The camera zooms in on the Space Shuttle launch stack (MS-DOS)

While playing, you can change your camera to point in multiple different camera angles, rather than the standard control panel and external view found in most simulators of the time, including a view that can allow the player can also look out of any of the cockpit windows, including back into the payload bay when retrieving or releasing satellites, and some of the CCTV cameras on the Remote Manipulator System. The developers also provide in-game information and diagrams on each of the major Space Shuttle systems, and the publishers also supplied a game manual and a large poster showing the control panels.

The game was released with numerous bugs and issues, particularly with the autopilot often not working as intended, leading to peculiar re-entry trajectories.

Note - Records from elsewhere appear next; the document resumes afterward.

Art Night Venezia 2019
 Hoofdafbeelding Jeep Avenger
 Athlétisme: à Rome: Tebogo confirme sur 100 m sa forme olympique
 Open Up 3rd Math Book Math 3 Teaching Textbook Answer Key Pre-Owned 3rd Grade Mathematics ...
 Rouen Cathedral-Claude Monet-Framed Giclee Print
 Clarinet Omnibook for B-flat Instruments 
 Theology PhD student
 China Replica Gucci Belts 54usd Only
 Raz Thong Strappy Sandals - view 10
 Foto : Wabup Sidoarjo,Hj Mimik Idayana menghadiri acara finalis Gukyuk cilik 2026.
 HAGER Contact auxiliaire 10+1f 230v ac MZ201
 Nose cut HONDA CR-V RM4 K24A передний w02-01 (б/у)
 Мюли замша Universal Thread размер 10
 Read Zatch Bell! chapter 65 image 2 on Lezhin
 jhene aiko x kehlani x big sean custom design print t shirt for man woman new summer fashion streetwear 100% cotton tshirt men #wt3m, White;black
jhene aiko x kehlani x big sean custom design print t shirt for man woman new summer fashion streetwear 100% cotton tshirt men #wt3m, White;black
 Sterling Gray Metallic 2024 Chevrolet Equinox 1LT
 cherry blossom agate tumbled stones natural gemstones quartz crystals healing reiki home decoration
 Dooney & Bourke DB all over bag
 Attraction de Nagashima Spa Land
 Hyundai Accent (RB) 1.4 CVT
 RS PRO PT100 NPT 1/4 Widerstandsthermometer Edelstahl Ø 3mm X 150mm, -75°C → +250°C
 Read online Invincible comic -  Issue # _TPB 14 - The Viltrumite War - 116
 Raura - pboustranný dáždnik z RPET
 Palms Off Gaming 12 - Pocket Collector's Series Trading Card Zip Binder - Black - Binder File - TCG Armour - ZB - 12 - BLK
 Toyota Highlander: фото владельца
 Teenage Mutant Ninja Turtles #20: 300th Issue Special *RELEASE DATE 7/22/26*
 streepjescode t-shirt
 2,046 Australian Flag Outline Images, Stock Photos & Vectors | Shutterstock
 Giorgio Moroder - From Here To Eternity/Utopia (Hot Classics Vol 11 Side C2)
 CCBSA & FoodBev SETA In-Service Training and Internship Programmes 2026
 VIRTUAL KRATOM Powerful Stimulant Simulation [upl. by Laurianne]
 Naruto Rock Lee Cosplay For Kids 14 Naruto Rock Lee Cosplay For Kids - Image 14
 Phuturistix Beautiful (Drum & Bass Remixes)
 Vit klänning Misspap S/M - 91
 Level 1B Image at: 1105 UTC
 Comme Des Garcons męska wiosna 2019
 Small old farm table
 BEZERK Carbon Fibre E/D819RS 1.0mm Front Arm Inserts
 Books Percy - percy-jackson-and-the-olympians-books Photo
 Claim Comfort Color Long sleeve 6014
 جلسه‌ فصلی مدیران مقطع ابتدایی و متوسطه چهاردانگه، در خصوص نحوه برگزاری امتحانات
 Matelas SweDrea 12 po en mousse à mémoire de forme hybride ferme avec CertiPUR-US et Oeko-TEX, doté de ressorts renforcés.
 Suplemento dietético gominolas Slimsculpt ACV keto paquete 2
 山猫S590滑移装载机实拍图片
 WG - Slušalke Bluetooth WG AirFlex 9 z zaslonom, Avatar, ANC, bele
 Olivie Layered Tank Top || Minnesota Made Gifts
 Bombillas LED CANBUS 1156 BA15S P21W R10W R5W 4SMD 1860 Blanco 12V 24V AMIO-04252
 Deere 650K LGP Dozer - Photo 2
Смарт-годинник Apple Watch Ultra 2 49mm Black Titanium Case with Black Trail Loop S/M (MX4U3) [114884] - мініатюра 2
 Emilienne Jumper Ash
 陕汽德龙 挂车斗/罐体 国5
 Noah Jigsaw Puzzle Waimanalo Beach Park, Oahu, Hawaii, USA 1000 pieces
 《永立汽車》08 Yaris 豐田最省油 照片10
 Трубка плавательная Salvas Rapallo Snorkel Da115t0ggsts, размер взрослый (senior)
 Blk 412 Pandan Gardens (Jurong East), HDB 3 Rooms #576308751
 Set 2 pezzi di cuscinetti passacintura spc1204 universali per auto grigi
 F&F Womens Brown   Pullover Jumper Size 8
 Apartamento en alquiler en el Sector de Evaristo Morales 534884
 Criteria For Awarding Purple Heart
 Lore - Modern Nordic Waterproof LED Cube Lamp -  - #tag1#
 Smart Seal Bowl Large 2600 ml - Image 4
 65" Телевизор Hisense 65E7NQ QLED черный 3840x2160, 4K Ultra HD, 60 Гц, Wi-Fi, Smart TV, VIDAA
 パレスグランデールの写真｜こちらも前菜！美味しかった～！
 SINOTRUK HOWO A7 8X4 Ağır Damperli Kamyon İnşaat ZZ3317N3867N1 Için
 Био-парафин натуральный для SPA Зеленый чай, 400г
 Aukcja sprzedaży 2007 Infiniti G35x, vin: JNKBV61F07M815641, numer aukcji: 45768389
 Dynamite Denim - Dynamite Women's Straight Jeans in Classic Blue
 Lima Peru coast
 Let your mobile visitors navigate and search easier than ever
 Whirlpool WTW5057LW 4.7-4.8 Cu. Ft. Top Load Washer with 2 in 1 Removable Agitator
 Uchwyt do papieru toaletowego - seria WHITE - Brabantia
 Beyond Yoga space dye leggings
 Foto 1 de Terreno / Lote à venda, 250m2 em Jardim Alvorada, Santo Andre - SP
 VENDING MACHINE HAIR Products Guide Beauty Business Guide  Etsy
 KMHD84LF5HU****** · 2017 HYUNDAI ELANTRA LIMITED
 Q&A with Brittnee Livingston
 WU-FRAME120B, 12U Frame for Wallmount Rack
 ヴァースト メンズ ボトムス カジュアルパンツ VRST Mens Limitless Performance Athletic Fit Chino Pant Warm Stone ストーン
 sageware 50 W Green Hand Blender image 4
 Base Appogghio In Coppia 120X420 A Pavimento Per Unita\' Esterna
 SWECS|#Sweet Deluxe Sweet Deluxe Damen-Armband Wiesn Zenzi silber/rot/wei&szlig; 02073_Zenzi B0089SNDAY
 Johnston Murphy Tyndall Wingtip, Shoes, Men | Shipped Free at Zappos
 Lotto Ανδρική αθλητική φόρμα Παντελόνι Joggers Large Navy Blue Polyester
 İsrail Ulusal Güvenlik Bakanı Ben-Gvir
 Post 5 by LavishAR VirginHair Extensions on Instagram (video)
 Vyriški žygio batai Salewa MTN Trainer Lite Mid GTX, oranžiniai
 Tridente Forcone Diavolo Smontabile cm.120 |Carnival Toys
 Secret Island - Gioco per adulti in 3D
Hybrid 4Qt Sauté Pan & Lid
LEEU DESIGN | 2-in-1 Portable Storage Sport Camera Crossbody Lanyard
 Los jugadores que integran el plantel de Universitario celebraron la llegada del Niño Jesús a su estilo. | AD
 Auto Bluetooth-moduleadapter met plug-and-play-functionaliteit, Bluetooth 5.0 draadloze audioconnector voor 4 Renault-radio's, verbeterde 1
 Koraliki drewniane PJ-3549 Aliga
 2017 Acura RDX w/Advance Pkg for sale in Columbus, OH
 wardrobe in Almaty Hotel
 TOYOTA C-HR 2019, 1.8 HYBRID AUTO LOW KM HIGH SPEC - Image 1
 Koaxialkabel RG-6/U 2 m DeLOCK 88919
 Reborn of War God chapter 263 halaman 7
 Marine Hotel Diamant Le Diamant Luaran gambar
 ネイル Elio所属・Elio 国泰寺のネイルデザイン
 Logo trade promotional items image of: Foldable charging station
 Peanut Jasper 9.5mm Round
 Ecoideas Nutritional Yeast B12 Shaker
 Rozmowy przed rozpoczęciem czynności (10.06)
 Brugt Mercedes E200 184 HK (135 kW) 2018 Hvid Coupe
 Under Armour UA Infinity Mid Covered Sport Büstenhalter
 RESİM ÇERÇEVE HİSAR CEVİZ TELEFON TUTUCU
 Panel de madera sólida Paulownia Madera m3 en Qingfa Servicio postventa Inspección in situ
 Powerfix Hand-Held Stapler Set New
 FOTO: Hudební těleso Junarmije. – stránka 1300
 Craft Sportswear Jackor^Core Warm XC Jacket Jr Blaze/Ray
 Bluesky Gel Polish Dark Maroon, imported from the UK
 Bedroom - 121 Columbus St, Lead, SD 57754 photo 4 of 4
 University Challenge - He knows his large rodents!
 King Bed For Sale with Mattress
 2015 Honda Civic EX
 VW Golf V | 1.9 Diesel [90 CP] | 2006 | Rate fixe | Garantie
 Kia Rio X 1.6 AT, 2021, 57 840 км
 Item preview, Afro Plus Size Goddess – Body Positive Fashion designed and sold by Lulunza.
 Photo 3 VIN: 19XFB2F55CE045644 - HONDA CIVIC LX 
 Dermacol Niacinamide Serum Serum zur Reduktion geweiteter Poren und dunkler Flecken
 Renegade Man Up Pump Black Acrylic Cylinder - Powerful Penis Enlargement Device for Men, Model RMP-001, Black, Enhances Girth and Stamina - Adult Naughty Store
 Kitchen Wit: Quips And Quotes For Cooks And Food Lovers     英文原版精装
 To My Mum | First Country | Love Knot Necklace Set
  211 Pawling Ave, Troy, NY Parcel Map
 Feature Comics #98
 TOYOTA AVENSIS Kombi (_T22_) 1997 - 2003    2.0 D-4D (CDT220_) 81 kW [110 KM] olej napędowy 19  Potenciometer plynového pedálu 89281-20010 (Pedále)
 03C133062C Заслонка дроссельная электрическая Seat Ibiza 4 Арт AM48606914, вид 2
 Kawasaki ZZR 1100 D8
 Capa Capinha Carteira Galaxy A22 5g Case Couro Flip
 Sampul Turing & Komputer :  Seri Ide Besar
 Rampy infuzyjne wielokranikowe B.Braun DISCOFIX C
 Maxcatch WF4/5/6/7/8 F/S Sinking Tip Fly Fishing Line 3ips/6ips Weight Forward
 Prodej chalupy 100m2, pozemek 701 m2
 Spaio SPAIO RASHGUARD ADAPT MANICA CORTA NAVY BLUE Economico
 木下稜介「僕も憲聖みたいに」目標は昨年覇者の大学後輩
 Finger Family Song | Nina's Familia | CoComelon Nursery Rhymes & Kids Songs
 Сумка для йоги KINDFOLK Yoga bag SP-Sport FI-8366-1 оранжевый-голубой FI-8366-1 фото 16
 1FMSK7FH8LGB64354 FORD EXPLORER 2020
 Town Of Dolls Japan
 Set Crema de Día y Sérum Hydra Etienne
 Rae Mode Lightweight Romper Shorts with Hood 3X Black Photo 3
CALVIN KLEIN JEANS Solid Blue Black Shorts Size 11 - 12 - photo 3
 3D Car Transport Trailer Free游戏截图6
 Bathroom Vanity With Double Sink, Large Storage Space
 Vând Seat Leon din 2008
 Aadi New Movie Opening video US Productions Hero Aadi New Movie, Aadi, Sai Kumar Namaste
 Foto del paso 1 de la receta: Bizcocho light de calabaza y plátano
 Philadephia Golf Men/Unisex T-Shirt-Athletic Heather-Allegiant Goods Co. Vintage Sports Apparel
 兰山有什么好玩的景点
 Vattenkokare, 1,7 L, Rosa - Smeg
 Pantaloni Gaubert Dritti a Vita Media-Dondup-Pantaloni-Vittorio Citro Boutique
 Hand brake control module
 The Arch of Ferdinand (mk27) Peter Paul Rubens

In earlier versions, the final mission was impossible to complete, due to some of these issues.

==Reception==
Stanley Trevena from Computer Gaming World applauded the level of detail accomplished in Shuttle, and stated that "Players with an interest in space and hard-core simulation fans alike will blast off into orbit with this new simulation from Virgin." The magazine ran it in their 1992 "Simulation of the year", which ultimately went to Falcon 3.0 by Spectrum Holobyte.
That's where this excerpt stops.